Weekly and monthly values simply multiply the daily BMR by 7 and 30, respectively.

All calculations happen locally in your browser.


FAQs

What's the difference between BMR and TDEE?

BMR is calories burned at complete rest—just existing. TDEE (Total Daily Energy Expenditure) is BMR plus calories from activity and digestion. TDEE is what you'd eat to maintain weight; BMR is the floor you shouldn't go below.

Which formula is most accurate?

Mifflin-St Jeor is generally considered most accurate for the general population. Katch-McArdle may be more accurate if you have a reliable body fat percentage measurement. Harris-Benedict tends to slightly overestimate.

Should I eat at my BMR to lose weight?

No. Eating at BMR creates too severe a deficit for most people, leading to fatigue, muscle loss, and metabolic slowdown. Calculate your TDEE and eat 500-750 calories below that for sustainable weight loss.

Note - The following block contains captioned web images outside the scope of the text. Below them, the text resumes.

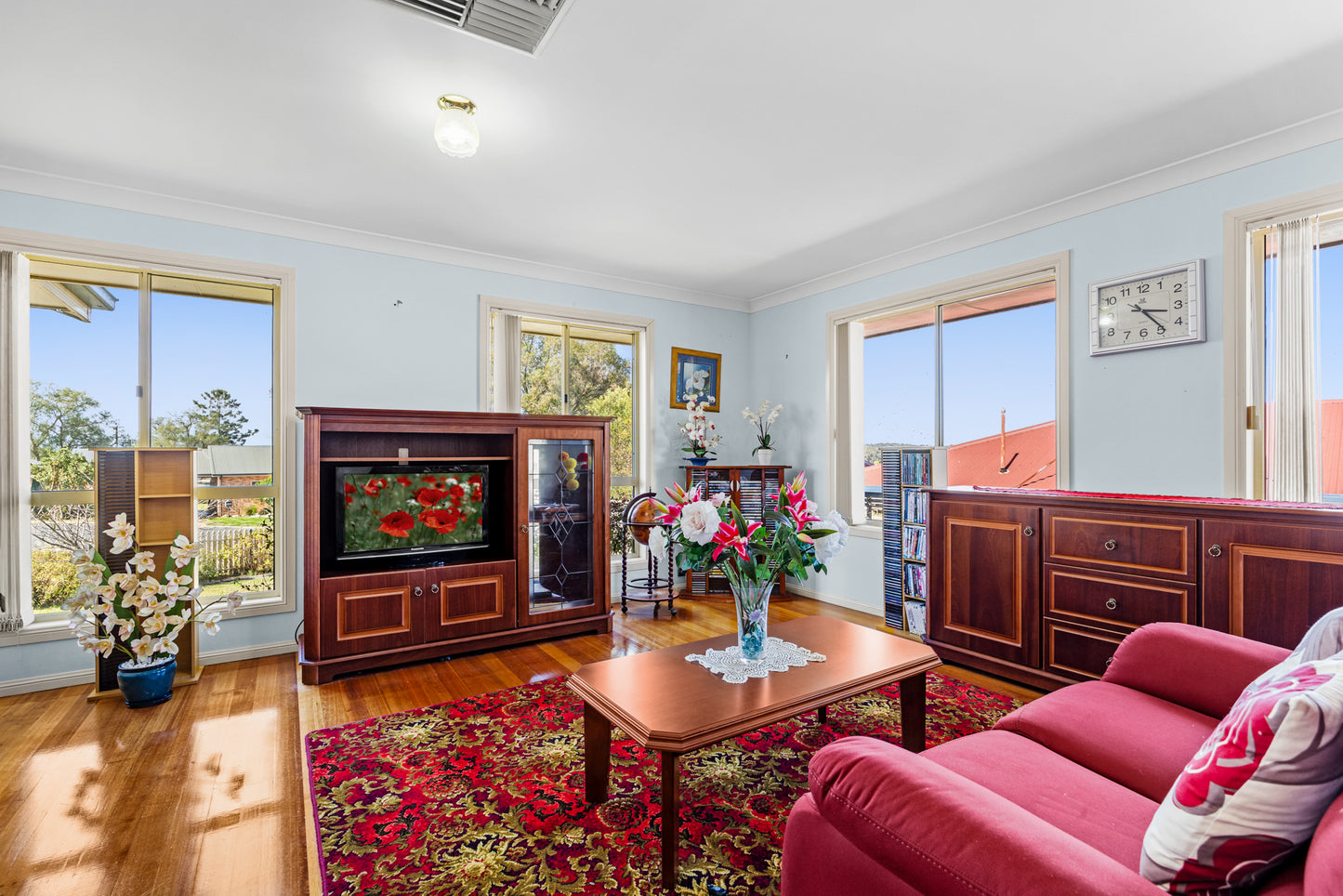 5 bedroom brick home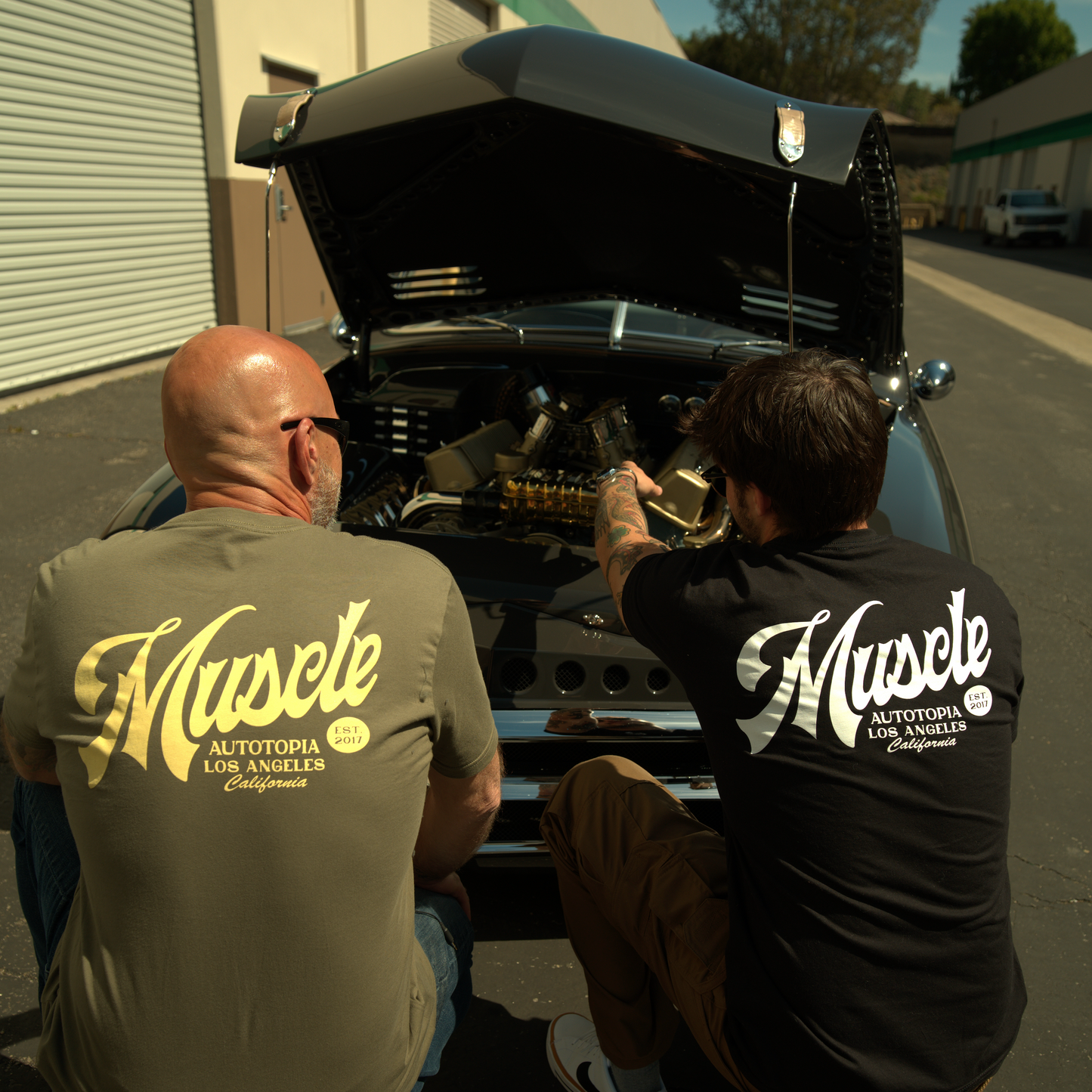 Tshirt - Green Heritage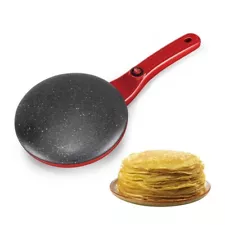 Electric Crepe Maker Baking Pancake Pan Non-Stick Frying Griddle Machine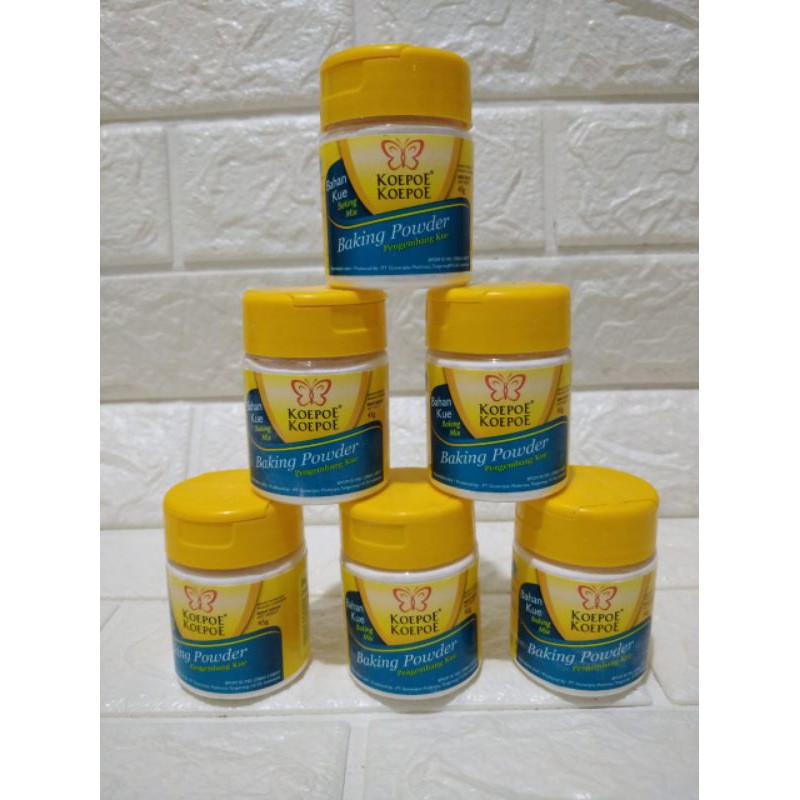 

Baking powder cap koepoe koepoe 45g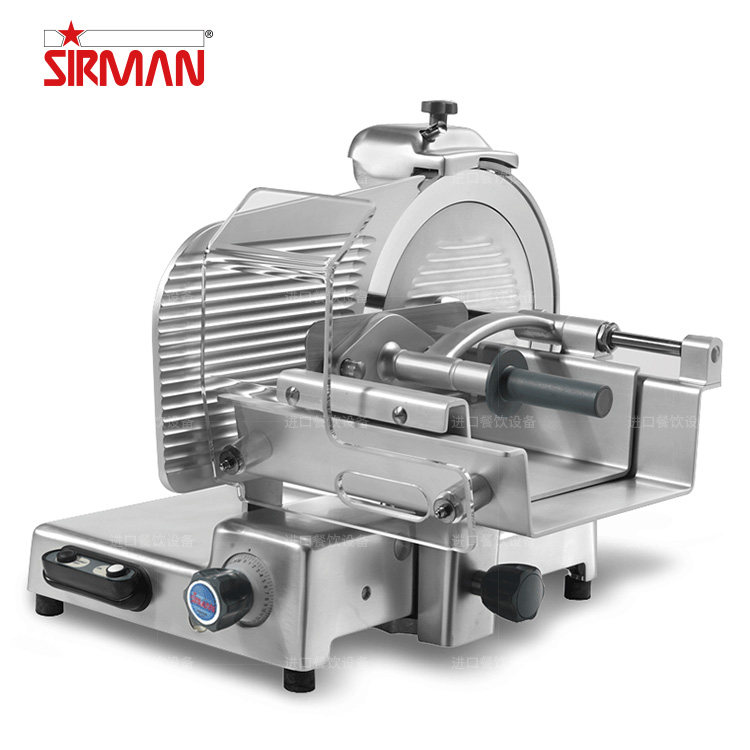 Italian Schuvan SIRMAN MANTEGNA 300 VCS vertical type commercial slicer planing meat machine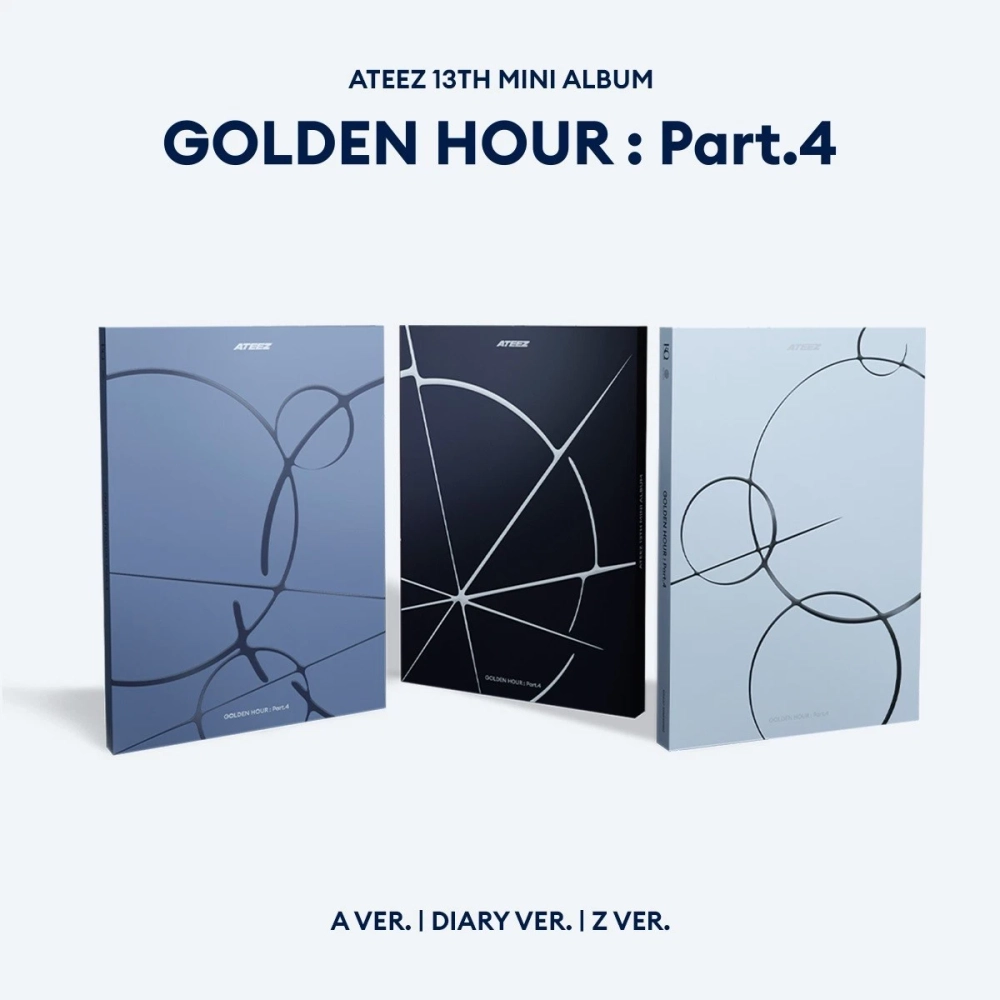 Альбом ATEEZ - Golden Hour : Part.4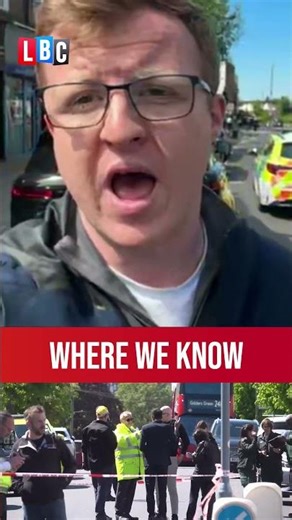 Man arrested after terror attack in North London | Breaking news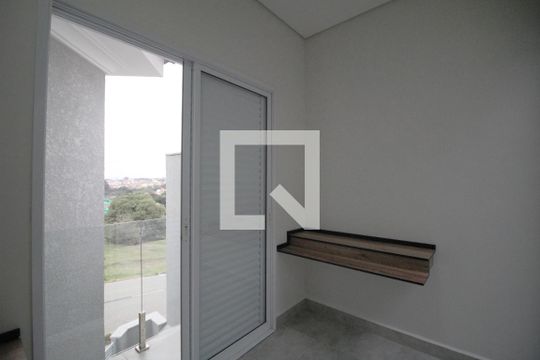 Escritório de casa de condomínio para alugar com 4 quartos, 450m² em Parque São Bento, Sorocaba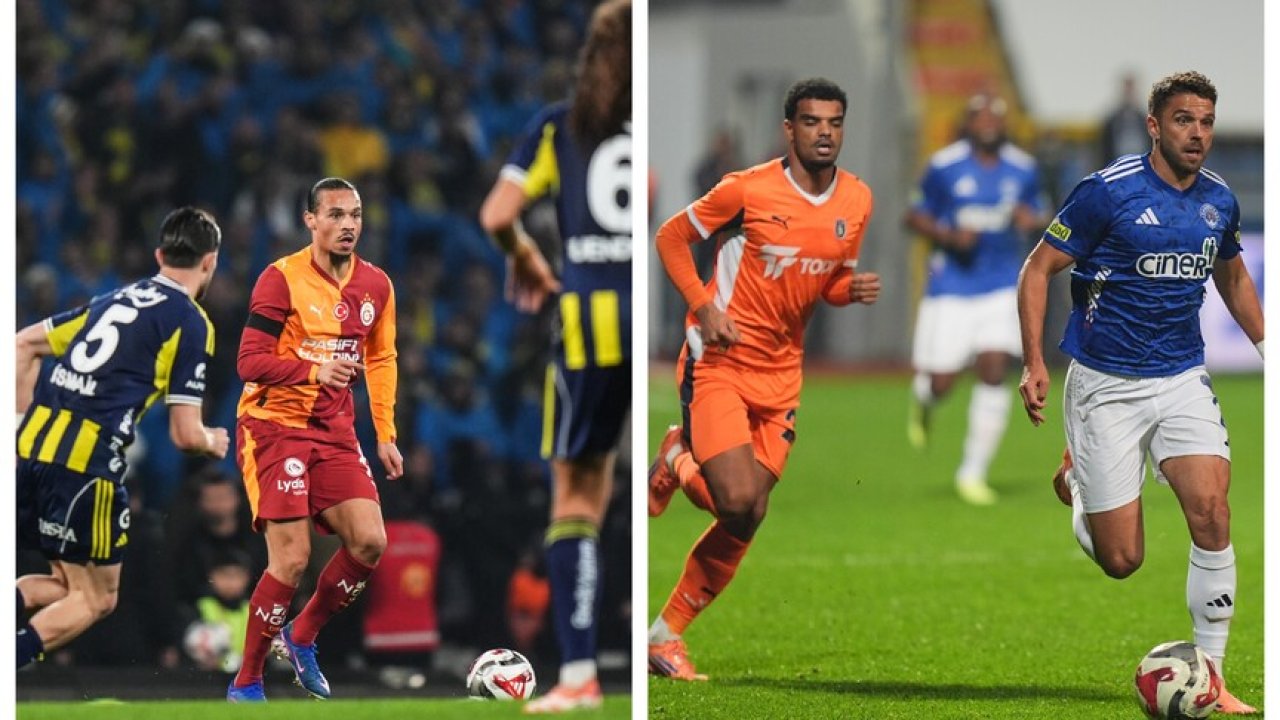 Süper Lig'de 31. haftanın perdesi açılıyor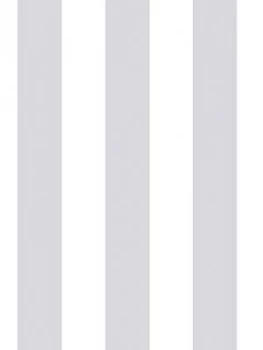 Superfresco Easy Silver Stripe Wallpaper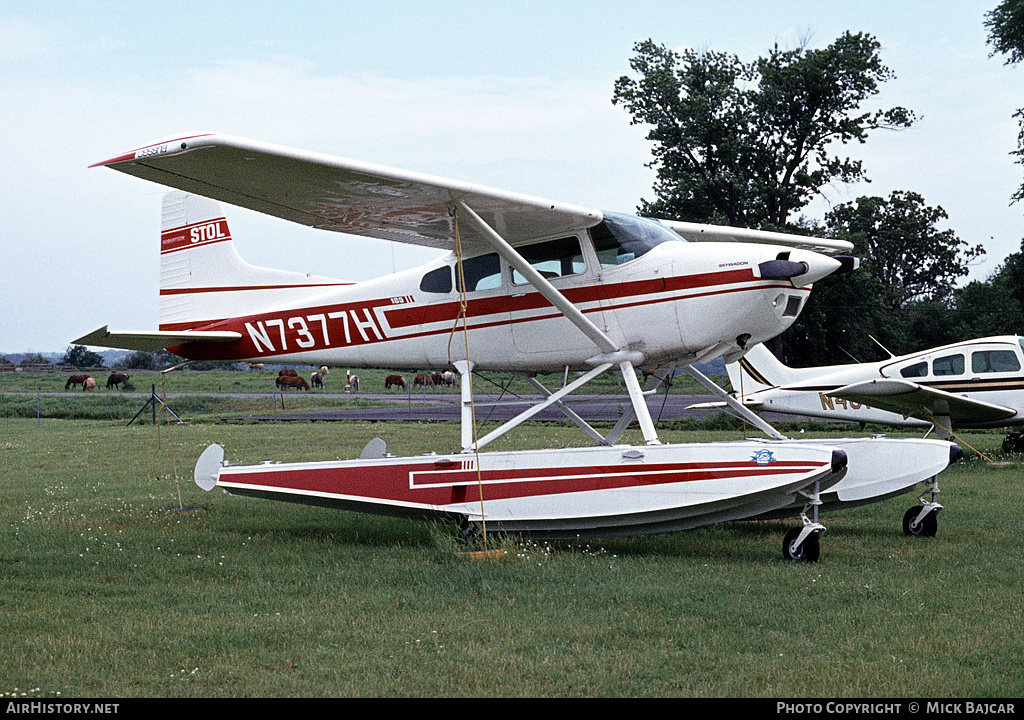 Aircraft Photo of N7377H | Cessna A185F Skywagon 185 | AirHistory.net #18509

Why does BMR decrease with age?

Mostly due to loss of muscle mass (sarcopenia). Muscle tissue is metabolically active; as it decreases, so does baseline energy expenditure. Strength training can partially counteract age-related BMR decline by preserving muscle.

Can I increase my BMR?

The most effective method is building muscle through resistance training. More muscle mass means higher BMR. Other factors—sleep quality, stress management, adequate protein—support metabolic health but have smaller effects than body composition.

How accurate are BMR formulas?

For most people, formulas estimate within 10-15% of actual measured BMR. Individual variation due to genetics, hormones, and health conditions can push actual BMR outside this range. Formulas are starting points, not precise measurements.

Does the Katch-McArdle formula require body fat percentage?

Yes. It calculates based on lean body mass, which requires knowing your body fat percentage. If you don't know this, use Mifflin-St Jeor instead.

How often should I recalculate my BMR?

After significant weight change (every 10-15 pounds) or annually if your weight is stable. As you age and your body changes, periodic recalculation keeps your nutrition targets appropriate.